Selon lui, un pacte doit également permettre de cadrer d’autres aspects déterminants de la vie d’une entreprise : la sortie du capital, les situations de conflit entre associés, les rémunérations, les dividendes, les évolutions personnelles susceptibles d’entraîner une montée ou une descente au capital, ou encore la manière de récompenser la performance. Le membre du CNB a souligné aussi l’importance d’intégrer des mécanismes adaptés à chaque cas : droits différenciés, dette ou actions, acquisition immédiate ou différée des titres… autant de paramètres qui conditionnent l’équilibre de la société.

« Discutons et trouvons une sortie négociée »

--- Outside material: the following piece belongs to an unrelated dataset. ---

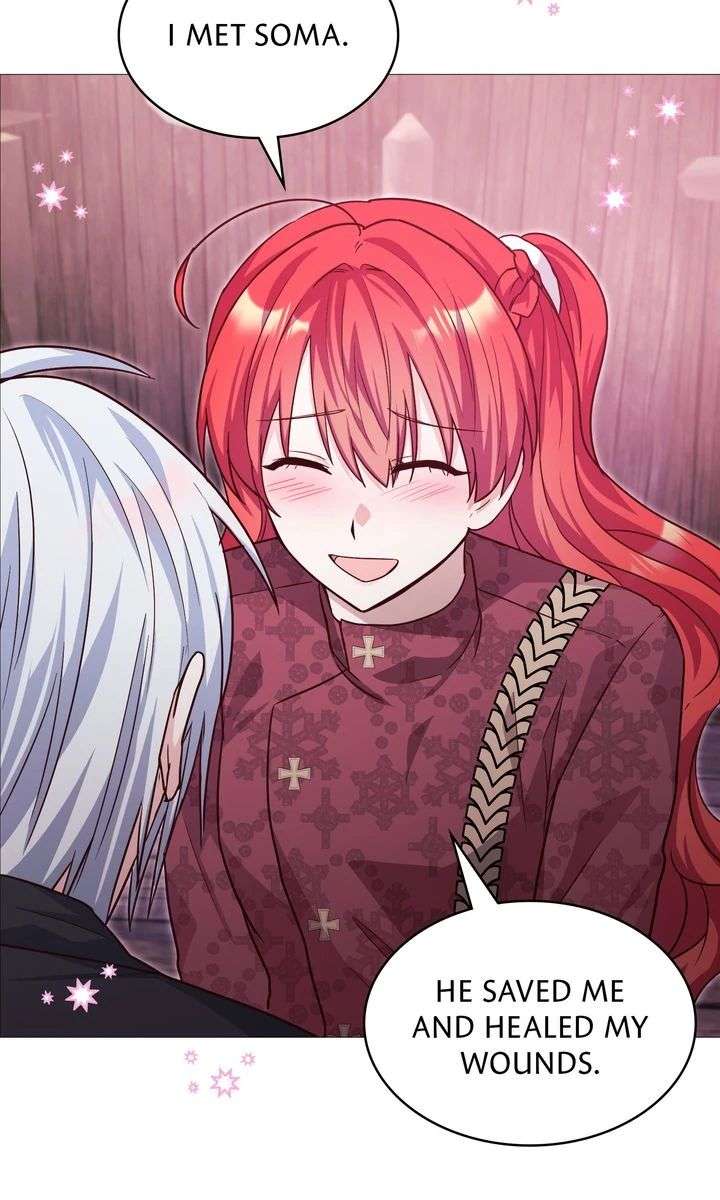 A happy ending without romance Chapter 34 - Page 41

Dans tous les cas, l’objectif reste d’anticiper toutes les failles potentielles. « Ce sont toutes ces questions-là qu’on vous force à vous poser pour vous fournir un certain nombre de leviers avant d’arriver devant un juge, pour vous permettre de vous mettre autour d’une table, de dire : voilà ce qu’on a signé à l’époque où ça allait bien. Aujourd’hui tu le contestes, tu ne le contestes pas : sur le terrain de la valorisation, sur le terrain des clauses qui sont OK… Asseyons-nous autour d’une table, discutons et trouvons une sortie négociée », a résumé l’avocat.

Aucun professionnel «sain d’esprit » – entrepreneur comme avocat – ne recommanderait de s’engager immédiatement dans un contentieux : « Tant qu’on n’aura pas épuisé la voie transactionnelle et la question de l’accord, on ne vous offre pas la sortie la plus rapide. Il n’y a pas d’associé qui vient nous permettre d’avoir les armes pour le faire si ce n’est ce que ne font pas les statuts et ce que fait le pacte d’associés en étant confidentiel. »

Et de finalement rappeler que tout l’enjeu consiste à bâtir un document qui corresponde réellement aux besoins de l’entreprise : « On questionne le financement, on questionne le business, on questionne vos relations entre vous pour essayer d’avoir un document juridique qui ne soit pas un document que vous peinez à appliquer, mais un document que vous avez compris et qui correspond exactement à ce que vous voulez faire dans votre entreprise. »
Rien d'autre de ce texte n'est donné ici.